Once they figure out there is nice yucky stuff in that place, they will head for it.

This is why I put a piece of floss (dirty) in my breeder boxes so the baby shrimps can eat off it once they are born and mamma in waiting has her own snack buffet table.


----------



## Fishfur (Mar 4, 2012)

As it happens, the AC is relatively new on this tank, before this, it had only a sponge filter. 

But the mini fan shrimp need a current to feed in and this was the easiest way to provide one. They have a rock they sit on to feed in the outflow current, sometimes I find a dozen or more lined up side by side on it. 

It is the first time I've cleaned the filter since I added it, and shock hardly covers the reaction I had when I saw shining little bodies flipping in all directions ! Next time I will make sure to remove the filter box before I take any media out of it, so if they are in there again, hopefully I won't lose any. This time I was just lucky that none hit the floor.
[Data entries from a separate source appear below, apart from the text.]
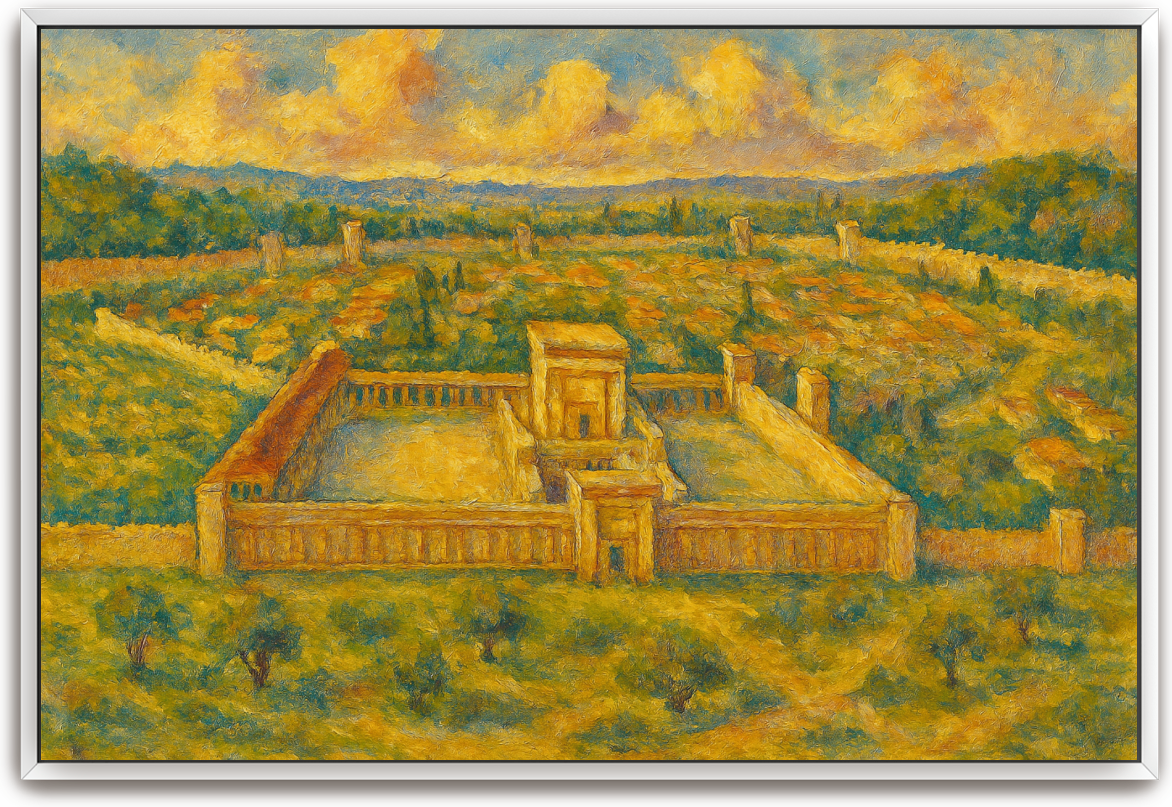 O, Jerusalem - Impressionism - Scriptures Illustrated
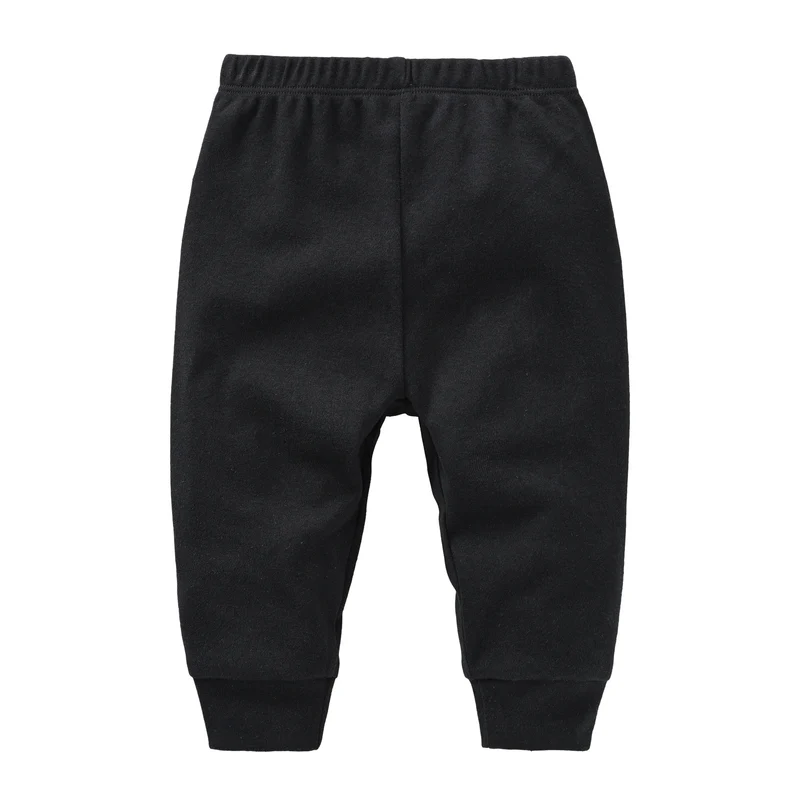 2 Pieces Set 100% Cotton Baby Rompers Pants Blank Colors Kids Trousers Plain Newborn Clothing Muslin Bodysuit Clothes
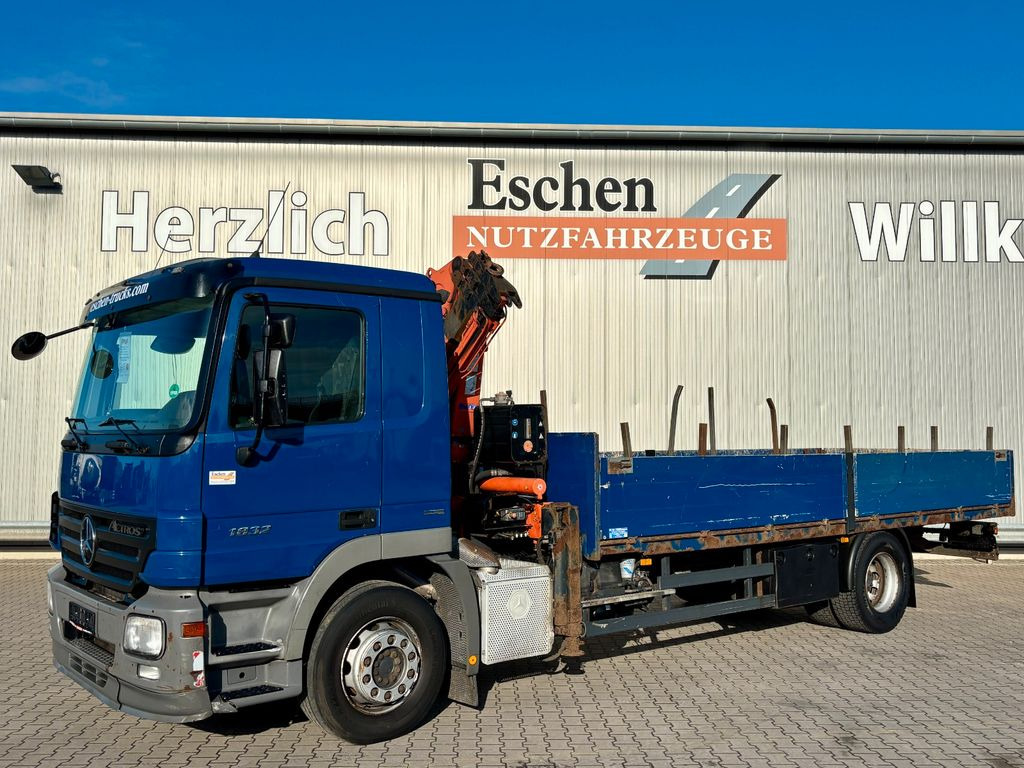 Mercedes-Benz Actros 1832 I Terex 85.2A3*9,10m*Telligent*Klima - Xe tải thùng lửng/ Phẳng, Xe cẩu tự hành: hình 1 Mercedes-Benz Actros 1832 I Terex 85.2A3*9,10m*Telligent*Klima - Xe tải thùng lửng/ Phẳng, Xe cẩu tự hành: hình 1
Those fan shrimp are quite pale and aside from the wet shine they are darn hard to see once they are out of water, so I'm glad they all ended up back in the tank. I might not have found them on the floor . 

Incidentally, I've also had a few kuhli loaches get into a larger AC, the 70, and also some CPDs, none have been damaged by the experience. I have come to the conclusion that the way these filters are constructed actually makes it nearly impossible for most critters to come in contact with the impeller. When they come up the tube, they don't have much space to escape at the other end, but there must be enough to avoid the impeller, or some of them would have had some damage, I'd think. 

Even the little shrimp that appeared to have ducked into the well was not harmed, and I thought for sure it would be all chopped up. Didn't happen. With so many shrimp surviving the experience as well as fish, I think it's more than luck. I've not used any brand other than AC so far, maybe some others leave space enough for tube crawlers to be sucked into the impeller ? Whatever the reason I'm glad they were ok.


----------